The show must go on

I asked my mum to read this piece for me because she is an actress, and I was kind of disappointed that she found it long and boring. I did explain it to her instead of making her go through all the trouble though, and I can say that it was worth it. Like a true Vygotskian, I cooperated with her (even though she didn't read 0_0) and the results, as per usual with anything Vygotsky, broke my mind. This is why I'm up at 2am writing this; because the show must go on (lol). So, let's see. When we talk of the actor, Vygotsky talks about diametrically opposite approaches to looking at the ways in which actors do their craft. He says that stage systems that look at the essence that an actor possesses that is only inherent to him is what produces a scintillating performance. A psychotechnical approach is something that looks at acting as deconstructed into the byproducts of basic mental drives. However, these two warring approaches present a fragmented view of the actor's psychology.
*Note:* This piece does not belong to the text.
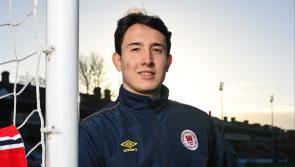 League of Ireland side announce loan signing of Liverpool FC goalkeeper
When I asked my mum about how she feels when she's behind a camera, she said she feels as if there is something that holds her two identities together, like a partition of sorts, but it is a careful, conscious process. She said that she is in character while being filmed, but that is constructed from her experience of that character, from an outside perspective. I guess, in whatever weird existential way, this outside perspective of being in someone else's shoes can allow us to interiorize the identities we can portray on stage, while playing pretend, and have new experiences with it; in this case; use it on screen! This really made me think about imagination. I think acting could just be a complex version of childlike imagination, or rather, a more specific version of a developed adult imagination that only jumps out when the curtains drop.

Why are actors perceived as exceptional? Isn't it because they have active imaginations? Didn't we also say that children, while playing, exhibit different behaviors, and interiorize symbols by playing pretend? Isn't behavior during play at odds with regular behavior? Aren't actors doing something similar while exercising his/her imagination to embody someone else from an outside perspective, and then integrate them into their actor's psyche?

When we look at imagination as both real and not real, and try to analogize it with the actor's psyche, we come to understand how some domain-specific skills mirror the basis of our behavior that stems in our childhood to a larger extent. Acting is definitely one of them. It allows adults (and sometimes children; makes me think about why child stars are so troubled.....) to use their imaginations to create abstract experiences, and then externalize them as an aesthetic object, which then creates aberrations on their nerves by way of neural plasticity. We thus understand that the actors craft is an amalgamation of real, concrete experiences, as well as the inner essence of the individual on stage. Just like imagination, acting is both real, and not real. Whatever it may be, the show must go on.